We created the extension as follows.  The complete extension is in
polyglot/ext/pao.

    1. We used the newext script to generate a skeleton for the extension.

        $ cd $POLYGLOT/polyglot/ext/pao
        $ sh ./newext pao Pao pao
        $ cd $POLYGLOT/polyglot/ext/pao

    2. We modified parse/pao.ppg to redefine the "instanceof" production to
    allow any type to be used in an "instanceof" expression.  This required
    only appending the following code to pao.ppg: 

        extend relational_expression ::=
                relational_expression:a INSTANCEOF type:b
                {: RESULT = parser.nf.Instanceof(parser.util.pos(a), a, b); :}
                ;

        drop { relational_expression ::=
                relational_expression:a INSTANCEOF reference_type:b; }

    The remainder of the file is boiler plate code.

    4. We next extended the Java type system to handle Pao's semantics.

        $ cd $POLYGLOT/polyglot/ext/pao/types

    We edited PaoTypeSystem_c.java to override the factory methods for
    primitive types and top-level class types.  We also inserted methods to 
    provide access to the runtime boxing classes.

    We next create a subclass of PrimitiveType that overrides the methods:
    descendsFrom(), isImplicitCastValid(), and isCastValid() to
    allow primitives to be used as Objects.
    
    We also create a subclass of ParsedClassType to allow primitives
    to be cast to Object.

    5. We create a new extension interface, PaoExt, that extends the Ext
    interface. This extension interface has the signature for a new method,
    rewrite, which we will use to rewrite the the new Pao code into valid Java
    code.  We also create a class PaoExt_c which extends Ext_c and implements
    PaoExt.  The default action for the rewrite function is to return the node
    unchanged, which is the behavior that is desired for most nodes.

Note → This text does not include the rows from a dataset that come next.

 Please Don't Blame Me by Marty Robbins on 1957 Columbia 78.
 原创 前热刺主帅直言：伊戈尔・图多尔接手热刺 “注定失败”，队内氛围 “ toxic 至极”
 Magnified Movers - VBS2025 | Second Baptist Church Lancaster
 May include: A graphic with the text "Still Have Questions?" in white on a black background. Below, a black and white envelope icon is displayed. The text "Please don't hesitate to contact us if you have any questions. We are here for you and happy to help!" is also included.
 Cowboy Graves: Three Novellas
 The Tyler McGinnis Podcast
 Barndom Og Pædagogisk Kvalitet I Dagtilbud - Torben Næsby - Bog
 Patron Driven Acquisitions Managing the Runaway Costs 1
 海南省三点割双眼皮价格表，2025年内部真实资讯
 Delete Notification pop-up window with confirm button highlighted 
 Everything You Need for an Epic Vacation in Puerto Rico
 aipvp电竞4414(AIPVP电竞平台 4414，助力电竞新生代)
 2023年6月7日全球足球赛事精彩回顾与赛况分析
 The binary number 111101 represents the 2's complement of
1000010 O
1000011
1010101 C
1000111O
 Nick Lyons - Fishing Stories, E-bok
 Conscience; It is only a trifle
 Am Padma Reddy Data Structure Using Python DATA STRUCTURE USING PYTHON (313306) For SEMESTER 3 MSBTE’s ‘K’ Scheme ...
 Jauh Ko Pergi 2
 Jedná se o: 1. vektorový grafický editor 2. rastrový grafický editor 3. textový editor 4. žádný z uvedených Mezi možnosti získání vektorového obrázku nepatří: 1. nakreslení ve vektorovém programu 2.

    6. We override type checking for the instanceof operation.  To do so, we
    create a new delegate, PaoInstanceofDel_c, that subclasses the JL_c class
    in the base compiler.  In it, we override the typeCheck() to allow
    primitive types to occur in the instanceof expression.  JL_c implements all
    other methods of the JL interface by dispatching back to the node.

    7. We define the translation that will take our Pao language to standard
    Java by defining the implementation of the rewrite function. 

    By the translation rules that we have defined, three things will need
    to be rewritten: casts, instanceof operations, and the == and !=
    operations.

    In PaoInstanceofExt_c, we override the rewrite method to allow for
    instanceof operations on primitive types.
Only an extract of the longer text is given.